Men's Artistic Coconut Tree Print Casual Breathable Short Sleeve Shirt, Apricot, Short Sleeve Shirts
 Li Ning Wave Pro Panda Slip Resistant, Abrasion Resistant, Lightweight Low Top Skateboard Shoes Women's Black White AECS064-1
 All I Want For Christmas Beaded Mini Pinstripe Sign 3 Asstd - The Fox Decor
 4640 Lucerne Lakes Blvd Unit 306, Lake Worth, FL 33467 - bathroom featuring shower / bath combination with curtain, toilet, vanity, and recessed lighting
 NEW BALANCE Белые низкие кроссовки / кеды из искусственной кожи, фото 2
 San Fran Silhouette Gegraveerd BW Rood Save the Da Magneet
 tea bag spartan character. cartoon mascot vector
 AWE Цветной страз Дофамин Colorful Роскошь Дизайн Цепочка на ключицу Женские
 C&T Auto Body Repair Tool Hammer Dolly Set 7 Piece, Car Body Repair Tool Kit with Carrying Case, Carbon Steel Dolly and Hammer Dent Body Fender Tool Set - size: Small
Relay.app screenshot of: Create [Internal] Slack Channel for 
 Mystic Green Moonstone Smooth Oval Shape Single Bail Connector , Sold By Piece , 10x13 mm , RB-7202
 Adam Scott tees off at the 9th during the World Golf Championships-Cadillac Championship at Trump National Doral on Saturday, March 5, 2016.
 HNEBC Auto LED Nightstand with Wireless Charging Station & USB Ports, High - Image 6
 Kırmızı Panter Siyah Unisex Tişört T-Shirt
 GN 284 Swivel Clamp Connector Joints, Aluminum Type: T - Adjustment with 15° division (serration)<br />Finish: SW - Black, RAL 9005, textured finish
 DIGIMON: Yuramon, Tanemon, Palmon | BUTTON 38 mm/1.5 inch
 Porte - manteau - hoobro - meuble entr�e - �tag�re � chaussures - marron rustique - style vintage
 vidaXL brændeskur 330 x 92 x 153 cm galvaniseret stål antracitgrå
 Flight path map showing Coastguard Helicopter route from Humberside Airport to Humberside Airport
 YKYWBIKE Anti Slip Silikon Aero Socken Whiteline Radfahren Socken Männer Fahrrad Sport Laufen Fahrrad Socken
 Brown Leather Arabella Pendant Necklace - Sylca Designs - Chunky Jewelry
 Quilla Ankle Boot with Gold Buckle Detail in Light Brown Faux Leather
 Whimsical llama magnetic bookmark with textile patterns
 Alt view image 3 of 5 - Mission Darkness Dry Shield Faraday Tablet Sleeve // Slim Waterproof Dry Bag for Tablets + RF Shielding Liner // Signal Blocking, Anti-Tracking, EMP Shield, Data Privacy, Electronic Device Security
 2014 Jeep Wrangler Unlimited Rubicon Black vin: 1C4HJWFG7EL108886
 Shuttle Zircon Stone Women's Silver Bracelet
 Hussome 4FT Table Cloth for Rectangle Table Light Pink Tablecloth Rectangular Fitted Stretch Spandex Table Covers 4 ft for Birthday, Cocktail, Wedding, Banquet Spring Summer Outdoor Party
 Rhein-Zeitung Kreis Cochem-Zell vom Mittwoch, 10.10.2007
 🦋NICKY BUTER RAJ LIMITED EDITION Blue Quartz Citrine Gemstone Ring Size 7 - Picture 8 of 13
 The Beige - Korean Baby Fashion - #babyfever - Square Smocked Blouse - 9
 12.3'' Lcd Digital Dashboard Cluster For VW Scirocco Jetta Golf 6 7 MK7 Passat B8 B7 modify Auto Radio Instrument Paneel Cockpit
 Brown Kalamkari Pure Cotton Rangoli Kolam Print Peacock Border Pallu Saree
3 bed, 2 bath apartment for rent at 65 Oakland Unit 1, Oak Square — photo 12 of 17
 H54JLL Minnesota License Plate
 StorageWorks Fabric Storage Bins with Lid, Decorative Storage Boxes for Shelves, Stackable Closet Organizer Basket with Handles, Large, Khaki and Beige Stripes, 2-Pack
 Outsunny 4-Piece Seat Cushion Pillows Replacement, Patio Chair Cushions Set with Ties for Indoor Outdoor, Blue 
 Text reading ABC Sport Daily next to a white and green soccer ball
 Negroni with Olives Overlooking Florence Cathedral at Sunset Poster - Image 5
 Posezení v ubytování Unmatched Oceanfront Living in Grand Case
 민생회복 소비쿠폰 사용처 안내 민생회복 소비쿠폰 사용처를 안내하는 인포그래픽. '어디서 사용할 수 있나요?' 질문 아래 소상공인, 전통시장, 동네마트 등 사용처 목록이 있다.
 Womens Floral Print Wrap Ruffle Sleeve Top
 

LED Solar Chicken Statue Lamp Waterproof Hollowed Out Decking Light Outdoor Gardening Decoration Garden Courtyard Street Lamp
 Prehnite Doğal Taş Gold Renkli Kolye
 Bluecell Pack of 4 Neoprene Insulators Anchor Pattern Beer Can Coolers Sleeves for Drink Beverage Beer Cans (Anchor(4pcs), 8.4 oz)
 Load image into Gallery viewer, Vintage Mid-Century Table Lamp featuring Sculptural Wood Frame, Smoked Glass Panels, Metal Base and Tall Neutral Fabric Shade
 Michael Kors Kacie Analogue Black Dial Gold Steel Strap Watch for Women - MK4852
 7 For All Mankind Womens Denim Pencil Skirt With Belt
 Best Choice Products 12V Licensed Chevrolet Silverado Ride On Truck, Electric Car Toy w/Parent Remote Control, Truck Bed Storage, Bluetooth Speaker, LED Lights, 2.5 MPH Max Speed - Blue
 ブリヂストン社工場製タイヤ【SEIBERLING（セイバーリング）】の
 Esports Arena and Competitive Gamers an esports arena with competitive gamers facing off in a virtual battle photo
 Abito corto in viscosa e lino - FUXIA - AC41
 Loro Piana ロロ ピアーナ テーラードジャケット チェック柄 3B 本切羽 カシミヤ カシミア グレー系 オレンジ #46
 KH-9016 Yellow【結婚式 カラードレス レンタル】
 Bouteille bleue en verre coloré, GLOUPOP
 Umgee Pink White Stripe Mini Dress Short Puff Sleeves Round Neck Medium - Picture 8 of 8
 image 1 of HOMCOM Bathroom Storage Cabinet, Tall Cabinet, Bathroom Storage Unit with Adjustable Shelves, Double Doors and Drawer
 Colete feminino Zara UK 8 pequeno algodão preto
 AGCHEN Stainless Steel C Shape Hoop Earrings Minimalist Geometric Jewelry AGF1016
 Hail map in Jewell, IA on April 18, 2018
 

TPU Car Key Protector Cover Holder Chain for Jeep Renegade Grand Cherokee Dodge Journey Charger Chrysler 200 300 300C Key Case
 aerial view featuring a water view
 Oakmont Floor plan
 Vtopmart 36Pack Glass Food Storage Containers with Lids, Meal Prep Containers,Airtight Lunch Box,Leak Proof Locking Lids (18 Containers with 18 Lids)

====

§ WHAT YOU ARE ASKED TO DO
Every record must be written out again without any change.

§ TASK OUTPUT
Men's Artistic Coconut Tree Print Casual Breathable Short Sleeve Shirt, Apricot, Short Sleeve Shirts
 Li Ning Wave Pro Panda Slip Resistant, Abrasion Resistant, Lightweight Low Top Skateboard Shoes Women's Black White AECS064-1
 All I Want For Christmas Beaded Mini Pinstripe Sign 3 Asstd - The Fox Decor
 4640 Lucerne Lakes Blvd Unit 306, Lake Worth, FL 33467 - bathroom featuring shower / bath combination with curtain, toilet, vanity, and recessed lighting
 NEW BALANCE Белые низкие кроссовки / кеды из искусственной кожи, фото 2
 San Fran Silhouette Gegraveerd BW Rood Save the Da Magneet
 tea bag spartan character. cartoon mascot vector
 AWE Цветной страз Дофамин Colorful Роскошь Дизайн Цепочка на ключицу Женские
 C&T Auto Body Repair Tool Hammer Dolly Set 7 Piece, Car Body Repair Tool Kit with Carrying Case, Carbon Steel Dolly and Hammer Dent Body Fender Tool Set - size: Small
Relay.app screenshot of: Create [Internal] Slack Channel for 
 Mystic Green Moonstone Smooth Oval Shape Single Bail Connector , Sold By Piece , 10x13 mm , RB-7202
 Adam Scott tees off at the 9th during the World Golf Championships-Cadillac Championship at Trump National Doral on Saturday, March 5, 2016.
 HNEBC Auto LED Nightstand with Wireless Charging Station & USB Ports, High - Image 6
 Kırmızı Panter Siyah Unisex Tişört T-Shirt
 GN 284 Swivel Clamp Connector Joints, Aluminum Type: T - Adjustment with 15° division (serration)<br />Finish: SW - Black, RAL 9005, textured finish
 DIGIMON: Yuramon, Tanemon, Palmon | BUTTON 38 mm/1.5 inch
 Porte - manteau - hoobro - meuble entr�e - �tag�re � chaussures - marron rustique - style vintage
 vidaXL brændeskur 330 x 92 x 153 cm galvaniseret stål antracitgrå
 Flight path map showing Coastguard Helicopter route from Humberside Airport to Humberside Airport
 YKYWBIKE Anti Slip Silikon Aero Socken Whiteline Radfahren Socken Männer Fahrrad Sport Laufen Fahrrad Socken
 Brown Leather Arabella Pendant Necklace - Sylca Designs - Chunky Jewelry
 Quilla Ankle Boot with Gold Buckle Detail in Light Brown Faux Leather
 Whimsical llama magnetic bookmark with textile patterns
 Alt view image 3 of 5 - Mission Darkness Dry Shield Faraday Tablet Sleeve // Slim Waterproof Dry Bag for Tablets + RF Shielding Liner // Signal Blocking, Anti-Tracking, EMP Shield, Data Privacy, Electronic Device Security
 2014 Jeep Wrangler Unlimited Rubicon Black vin: 1C4HJWFG7EL108886
 Shuttle Zircon Stone Women's Silver Bracelet
 Hussome 4FT Table Cloth for Rectangle Table Light Pink Tablecloth Rectangular Fitted Stretch Spandex Table Covers 4 ft for Birthday, Cocktail, Wedding, Banquet Spring Summer Outdoor Party
 Rhein-Zeitung Kreis Cochem-Zell vom Mittwoch, 10.10.2007
 🦋NICKY BUTER RAJ LIMITED EDITION Blue Quartz Citrine Gemstone Ring Size 7 - Picture 8 of 13
 The Beige - Korean Baby Fashion - #babyfever - Square Smocked Blouse - 9
 12.3'' Lcd Digital Dashboard Cluster For VW Scirocco Jetta Golf 6 7 MK7 Passat B8 B7 modify Auto Radio Instrument Paneel Cockpit
 Brown Kalamkari Pure Cotton Rangoli Kolam Print Peacock Border Pallu Saree
3 bed, 2 bath apartment for rent at 65 Oakland Unit 1, Oak Square — photo 12 of 17
 H54JLL Minnesota License Plate
 StorageWorks Fabric Storage Bins with Lid, Decorative Storage Boxes for Shelves, Stackable Closet Organizer Basket with Handles, Large, Khaki and Beige Stripes, 2-Pack
 Outsunny 4-Piece Seat Cushion Pillows Replacement, Patio Chair Cushions Set with Ties for Indoor Outdoor, Blue 
 Text reading ABC Sport Daily next to a white and green soccer ball
 Negroni with Olives Overlooking Florence Cathedral at Sunset Poster - Image 5
 Posezení v ubytování Unmatched Oceanfront Living in Grand Case
 민생회복 소비쿠폰 사용처 안내 민생회복 소비쿠폰 사용처를 안내하는 인포그래픽. '어디서 사용할 수 있나요?' 질문 아래 소상공인, 전통시장, 동네마트 등 사용처 목록이 있다.
 Womens Floral Print Wrap Ruffle Sleeve Top
 

LED Solar Chicken Statue Lamp Waterproof Hollowed Out Decking Light Outdoor Gardening Decoration Garden Courtyard Street Lamp
 Prehnite Doğal Taş Gold Renkli Kolye
 Bluecell Pack of 4 Neoprene Insulators Anchor Pattern Beer Can Coolers Sleeves for Drink Beverage Beer Cans (Anchor(4pcs), 8.4 oz)
 Load image into Gallery viewer, Vintage Mid-Century Table Lamp featuring Sculptural Wood Frame, Smoked Glass Panels, Metal Base and Tall Neutral Fabric Shade
 Michael Kors Kacie Analogue Black Dial Gold Steel Strap Watch for Women - MK4852
 7 For All Mankind Womens Denim Pencil Skirt With Belt
 Best Choice Products 12V Licensed Chevrolet Silverado Ride On Truck, Electric Car Toy w/Parent Remote Control, Truck Bed Storage, Bluetooth Speaker, LED Lights, 2.5 MPH Max Speed - Blue
 ブリヂストン社工場製タイヤ【SEIBERLING（セイバーリング）】の
 Esports Arena and Competitive Gamers an esports arena with competitive gamers facing off in a virtual battle photo
 Abito corto in viscosa e lino - FUXIA - AC41
 Loro Piana ロロ ピアーナ テーラードジャケット チェック柄 3B 本切羽 カシミヤ カシミア グレー系 オレンジ #46
 KH-9016 Yellow【結婚式 カラードレス レンタル】
 Bouteille bleue en verre coloré, GLOUPOP
 Umgee Pink White Stripe Mini Dress Short Puff Sleeves Round Neck Medium - Picture 8 of 8
 image 1 of HOMCOM Bathroom Storage Cabinet, Tall Cabinet, Bathroom Storage Unit with Adjustable Shelves, Double Doors and Drawer
 Colete feminino Zara UK 8 pequeno algodão preto
 AGCHEN Stainless Steel C Shape Hoop Earrings Minimalist Geometric Jewelry AGF1016
 Hail map in Jewell, IA on April 18, 2018
 

TPU Car Key Protector Cover Holder Chain for Jeep Renegade Grand Cherokee Dodge Journey Charger Chrysler 200 300 300C Key Case
 aerial view featuring a water view
 Oakmont Floor plan
 Vtopmart 36Pack Glass Food Storage Containers with Lids, Meal Prep Containers,Airtight Lunch Box,Leak Proof Locking Lids (18 Containers with 18 Lids)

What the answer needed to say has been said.